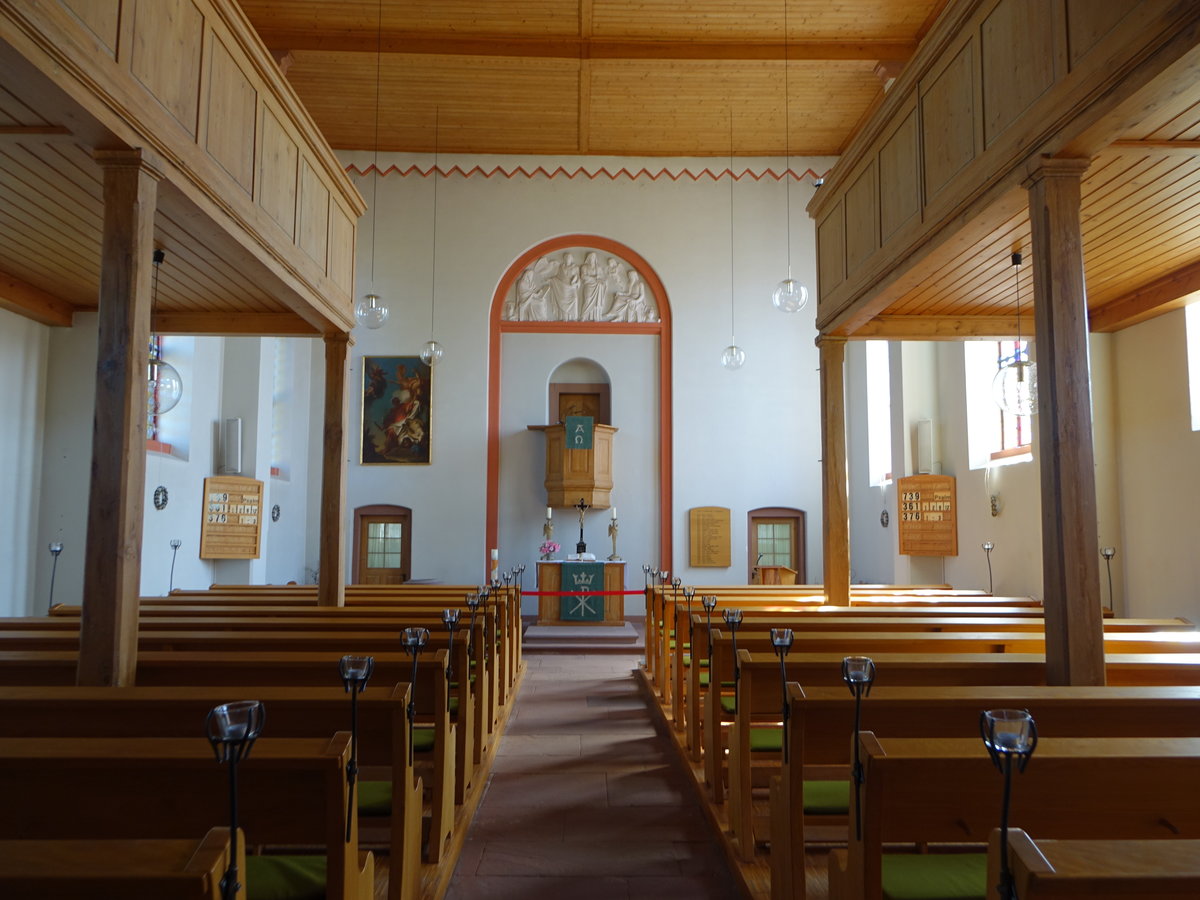 Mhlhausen, Innenraum der Ev. Pfarrkirche Hl. Kreuz (01.07.2018)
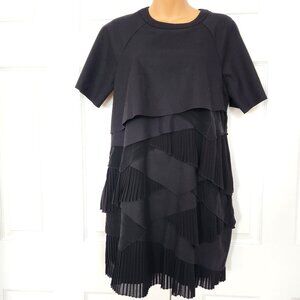 BANANA REPUBLIC HERITAGE COLLECTION BLACK TIERED PLEATED DRESS SIZE S/P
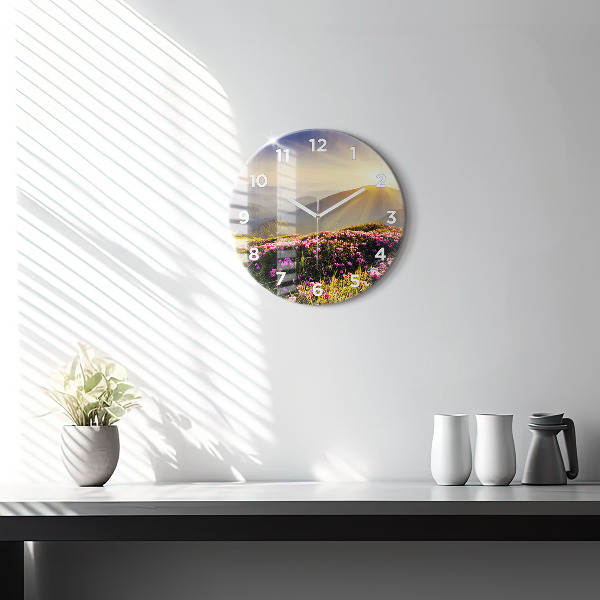 Round glass wall clock Mountain landscape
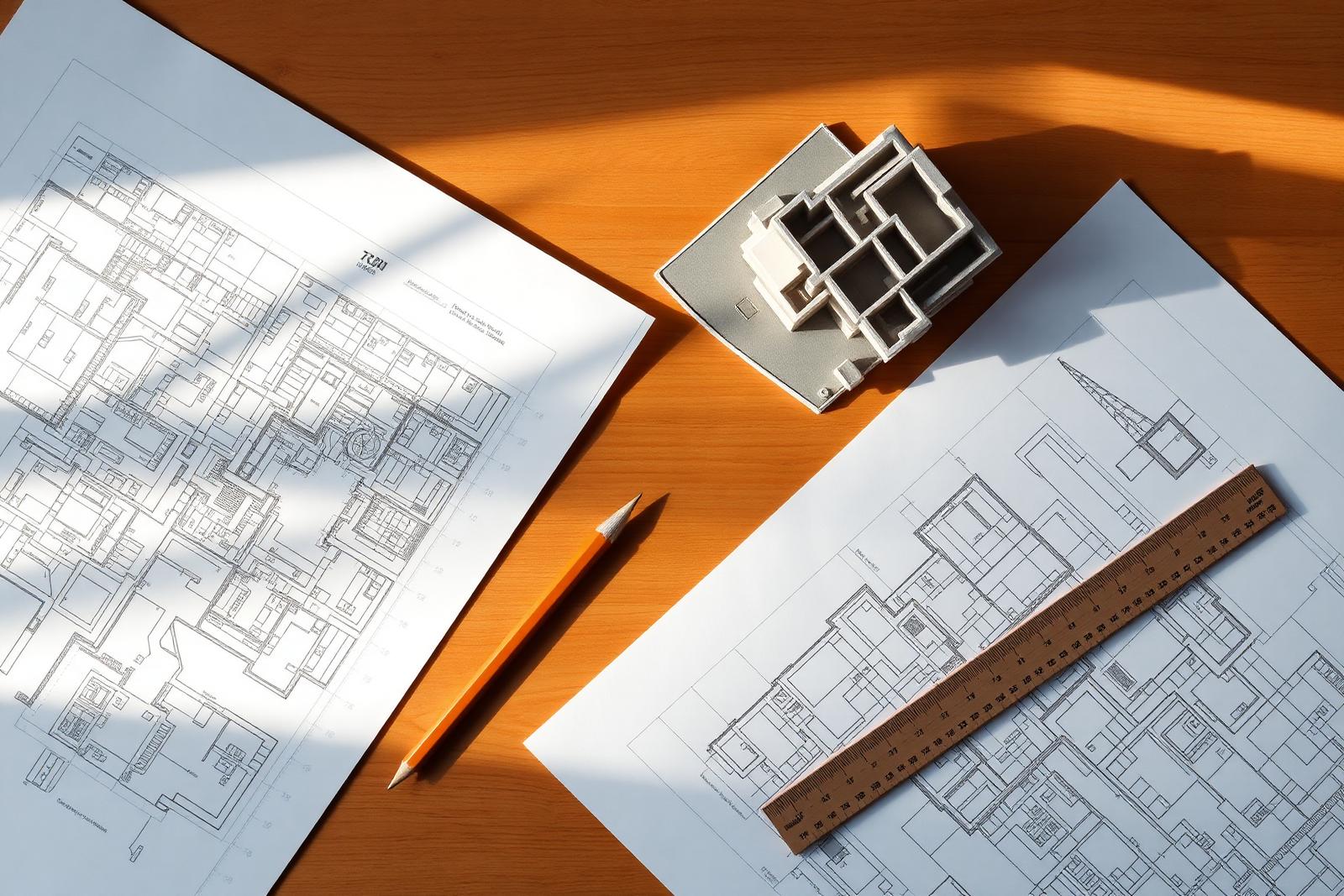 Design-and-build project drawings and structure under construction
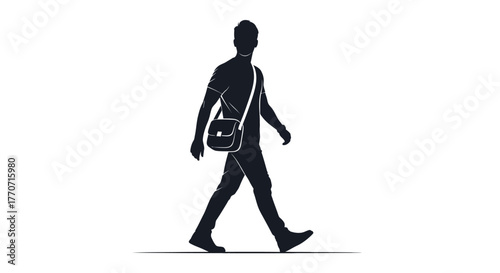 A black and white silhouette illustration of a man walking, carrying a shoulder bag, on a white background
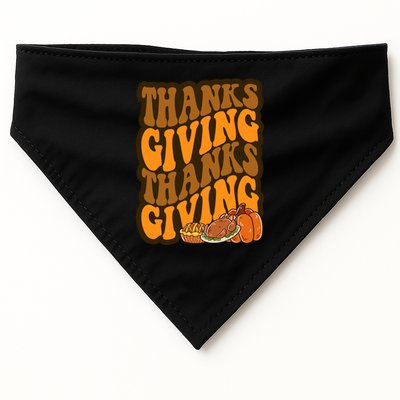 Thanksgiving Retro Groovy Holiday Cute USA-Made Doggie Bandana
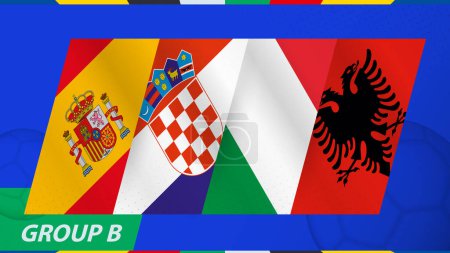 Ilustración de Banderas del Grupo B del torneo internacional de fútbol 2024. Banderas abstractas de España, Croacia, Italia, Albania - Imagen libre de derechos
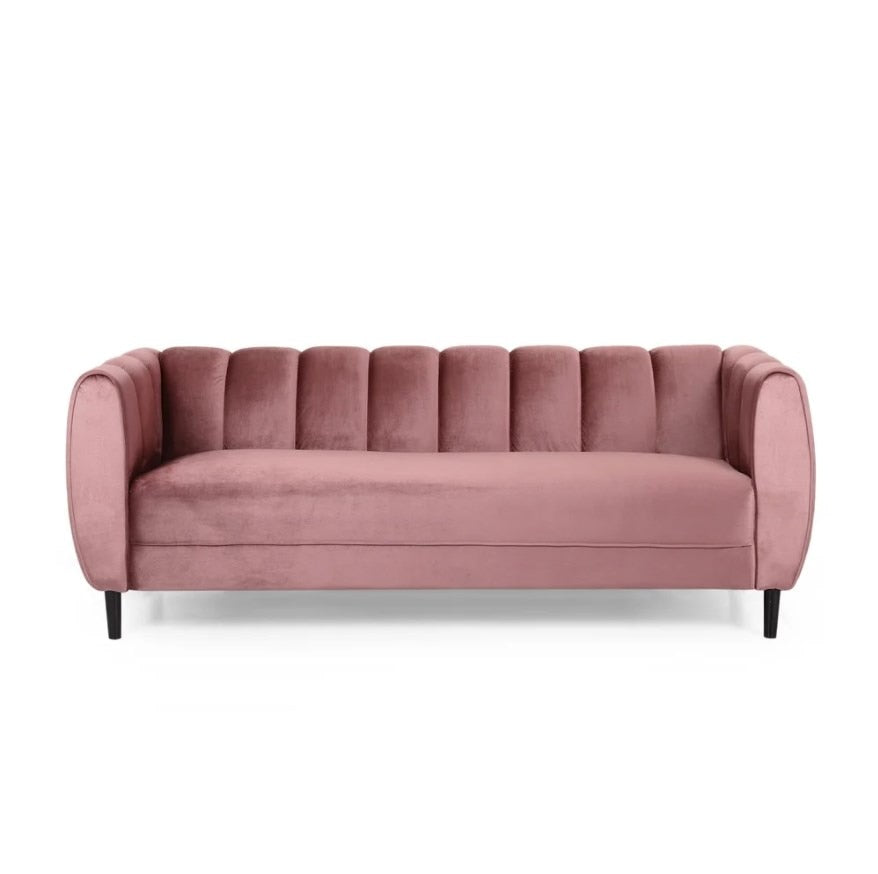 Pink Chic Faux Velvet Sofa Couch - hausgem - tufted couch - united states - front view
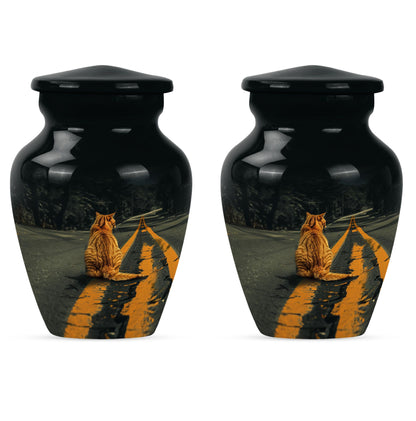 Orange Personalized Cat Keepsake Urn for Pet Ashes -  Yatskia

What you will do: All that is needed is the span from the line with "A black and" through the last line of the material above, reproduced exactly and free of pictures.

Response:
 A black and white silhouette illustration of a man walking, carrying a shoulder bag, on a white background
 Thanksgiving Retro Groovy Holiday Cute USA-Made Doggie Bandana
 Ilustración de Banderas del Grupo B del torneo internacional de fútbol 2024. Banderas abstractas de España, Croacia, Italia, Albania - Imagen libre de derechos
 Pink Chic Faux Velvet Sofa Couch - hausgem - tufted couch - united states - front view
 Orange Personalized Cat Keepsake Urn for Pet Ashes -  Yatskia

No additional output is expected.